The present invention relates generally to graphics processors and, more particularly, to a transform module of a graphics pipeline system.
Prior Art FIG. 1 illustrates a general prior art system that implements a pipelined graphics processing system. In this system, data source 10 generates a stream of expanded vertices defining primitives. These vertices are passed, one at a time, through pipelined graphic system 12 via vertex memory 13 for storage purposes. Once the expanded vertices are received from the vertex memory 13 into the pipelined graphic system 12, the vertices are transformed and lit by a transformation module 14 and a lighting module 16, respectively, and further clipped and set-up for being rendered by a rasterizer 18, thus generating rendered primitives that are then displayed on display device 20.
During operation, the transform module 14 may be used for receiving vertices in model coordinates and transforming the three dimensional vertices from their model coordinates to the two dimensional window where they will ultimately be displayed. In order to achieve the transformation, standard transform parameters may be employed such as a view port, a viewing matrix, a world matrix, a projection matrix and so forth.
Together, the foregoing parameters allow geometric transformations to express the location of an object relative to another object, rotate, clip and size various objects, as well as change viewing positions, directions, and perspectives in the three dimensional scene. Coordinate transformations that transform the three dimensional vertices from their model coordinates to the two dimensional window where they will be displayed typically involve one or more of translation, rotation and scaling.
Prior art transform systems typically handle scalar and vector values that are generated during the transform process separately. For example, a position attribute, i.e. (X, Y, Z, W), may be processed via a vector operator such as multiplier, and/or an adder, thus rendering a scalar value. While a scalar operator may process such scalar value, it is typically not processed again by the vector operator. Until now there have been no attempts to integrate the processing of scalar and vector forms of processed vertex data during graphics pipeline processing.

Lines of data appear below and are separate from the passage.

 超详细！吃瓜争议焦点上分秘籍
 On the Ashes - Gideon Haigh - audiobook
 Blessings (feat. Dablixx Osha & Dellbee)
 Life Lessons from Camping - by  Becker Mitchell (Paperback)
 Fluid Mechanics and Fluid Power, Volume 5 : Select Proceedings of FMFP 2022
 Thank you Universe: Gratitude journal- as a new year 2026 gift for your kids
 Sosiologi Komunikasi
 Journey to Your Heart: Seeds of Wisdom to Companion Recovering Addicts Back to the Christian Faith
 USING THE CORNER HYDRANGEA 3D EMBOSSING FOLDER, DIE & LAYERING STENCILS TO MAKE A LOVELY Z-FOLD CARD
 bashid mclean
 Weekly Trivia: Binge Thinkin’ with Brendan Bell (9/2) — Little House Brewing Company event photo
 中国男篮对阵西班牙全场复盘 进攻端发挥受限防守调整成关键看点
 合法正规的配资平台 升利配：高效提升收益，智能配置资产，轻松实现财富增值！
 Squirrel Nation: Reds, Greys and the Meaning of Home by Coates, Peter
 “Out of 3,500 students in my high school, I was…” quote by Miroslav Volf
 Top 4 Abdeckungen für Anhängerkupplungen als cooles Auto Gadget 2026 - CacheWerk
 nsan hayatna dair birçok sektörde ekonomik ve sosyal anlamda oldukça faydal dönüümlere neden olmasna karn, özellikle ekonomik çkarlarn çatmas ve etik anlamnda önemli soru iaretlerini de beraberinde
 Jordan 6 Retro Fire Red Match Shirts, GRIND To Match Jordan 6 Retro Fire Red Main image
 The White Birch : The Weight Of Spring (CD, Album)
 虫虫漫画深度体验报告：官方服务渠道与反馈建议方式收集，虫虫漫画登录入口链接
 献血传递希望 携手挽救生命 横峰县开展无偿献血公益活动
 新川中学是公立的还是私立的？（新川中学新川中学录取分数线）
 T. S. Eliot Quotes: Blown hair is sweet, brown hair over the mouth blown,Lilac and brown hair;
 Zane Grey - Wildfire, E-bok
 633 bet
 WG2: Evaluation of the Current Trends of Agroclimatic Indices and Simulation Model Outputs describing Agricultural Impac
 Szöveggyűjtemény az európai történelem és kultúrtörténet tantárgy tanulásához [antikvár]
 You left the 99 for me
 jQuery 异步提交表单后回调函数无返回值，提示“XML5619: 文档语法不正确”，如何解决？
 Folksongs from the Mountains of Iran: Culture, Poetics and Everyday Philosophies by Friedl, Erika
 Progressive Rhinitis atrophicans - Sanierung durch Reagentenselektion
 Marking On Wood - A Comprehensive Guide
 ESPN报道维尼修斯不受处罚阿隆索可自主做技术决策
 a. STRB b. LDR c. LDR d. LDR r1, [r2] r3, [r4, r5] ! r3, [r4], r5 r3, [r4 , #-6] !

Yet another process handled by the transform module 14 is blending, or xe2x80x9cskinning.xe2x80x9d Skinning refers to the process of adding realism to segmented polygonal objects by blending a joint between the objects. Prior Art FIG. 1A illustrates a pair of objects 22 before and after skinning is performed.
Conventionally, the skinning process is carried out using a computer program and a general-purpose processor. As such, there have been no attempts to implement skinning on hardware for the purpose of incurring the benefits, i.e. speed, efficiency, etc., associated with dedicated circuitry.
A method, apparatus and article of manufacture are provided for handling both scalar and vector components during graphics processing. To accomplish this, vertex data is received in the form of vectors after which vector operations are performed on the vector vertex data. Next, scalar operations may be executed on an output of the vector operations, thereby rendering vertex data in the form of scalars. Such scalar vertex data may then be converted to vector vertex data for performing vector operations thereon.